What a Parking Brake Does
The original designation for a parking brake was to stop the vehicle if the main brake system should fail, which is why it was known as an emergency brake. In modern vehicles, the emergency brake isn’t very effective at this task because it cannot adequately stop the vehicle with the small amount of force applied. The parking brake is connected to the rear brakes, which do not exert as much force in braking as the front brakes and will do little to stop a vehicle moving at high speeds.
Most modern applications of the parking brake is to ensure that a parked vehicle stays in place, especially on hills and other declines. When engaged, it locks the wheels in place and works with the parking pawl to ensure that the vehicle doesn’t roll away. While a parking brake isn’t required to be engaged for the vehicle to stay stopped, it works to prevent your vehicle from rolling, especially on steep inclines, and to reduce stress on the transmission. This is why manufacturers recommend using the parking brake even when the driver doesn’t feel like he or she needs it.
When a vehicle’s gear shift is put into Park position, a parking pawl is engaged in the transmission. This is a pin that locks the gears into place to prevent them from rotating. The pawl stays in place until the gear shift is moved out of the Park position. The problem with relying on this mechanism for the vehicle is that it puts stress on the transmission constantly, which can result in eventual failure. Manufacturers recommend engaging the parking pawl after using the parking brake. The brake provides additional security and reduces the amount of stress on the transmission and driveline components to prevent costly repairs and parking failure.
Components of a Parking Brake
The typical parking brake has fewer components than the main brake system. They include variations of the following:
- A lever to engage and disengage the parking brake, found within the cabin of the vehicle
- Steel cables to connect to the main brakes of the vehicle located in the rear, often called a parking brake equalizer
The cable system features a “Y” design that allows a set of cables to be connected to each rear brake. A separate cable attaches to the equalizer or “Y” connection and the lever inside the vehicle. Often, these cables are contained inside an outer shell or shielded. The lever may have a separate button to deactivate the emergency brake. Some foot pedals require you to depress the foot brake twice to deactivate it.
Types of Parking Brakes
There are four basic types of parking brakes:
- Stick lever – found in older models and located under the instrument panel
- Center lever – located between front bucket seats and seen in many newer model vehicles
- Pedal – located on the floor to the left of the other pedals
- Electric or push button – located on console with other controls
How the Parking Brake Works with Various Systems
Because not all braking systems are identical, the differences impact how the parking brake works. Vehicles with automatic transmissions often have parking brakes with automatic releases while some later models require the main brake pedal to be depressed before the transmission can be switched out of park. Anytime Drive or Reverse is selected on the automatic transmission, the parking brake is automatically released. Older models would only require the gear shift to be moved without pressing down on the brake pedal.

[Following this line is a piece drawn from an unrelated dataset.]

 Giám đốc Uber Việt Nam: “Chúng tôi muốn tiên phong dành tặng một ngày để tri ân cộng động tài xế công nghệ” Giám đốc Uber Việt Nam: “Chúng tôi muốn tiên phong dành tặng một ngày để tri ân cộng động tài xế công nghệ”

The parking brake will press against rear drum brakes mechanically with a force that is less than what is used with the main braking system. With disc brakes, the emergency brake activates the calipers or a small drum brake that is contained within the hub of the disc. Larger vehicles often come with power-operated parking brakes or ones that are power assisted. The driver will pull the lever and hydraulic pressure is allowed into the brake cylinder, applying force to the brake shoes. This is an added safety mechanism that is often seen on commercial vehicles.
A recent development in parking brakes is the electric parking brake. It functions much the same way as the traditional parking brake, except that it engages at a push or pull of a button instead of using a mechanical lever. The more advanced designs even use a motor that is controlled by a computer to engage the parking brake. Some high-end luxury models have a system that automatically engages the parking brake when the engine is stopped. It is released once the gas pedal is pressed with no other human intervention necessary.
Issues with the Parking Brake
One of the main issues with the parking brake for owners is corrosion. When the parking brake is not engaged on a regular basis, it begins to corrode. Shielded cables are especially vulnerable because water and road debris gets trapped in the outer shell. You won’t realize there is a problem until you need the brake, which is why regular inspection is important. It is also recommended that you use your parking brake every time you park to keep it in working order.
With regular inspection and maintenance, you may never need to replace your parking brake. You want to ensure it is in good working order in case you must rely on it for any reason.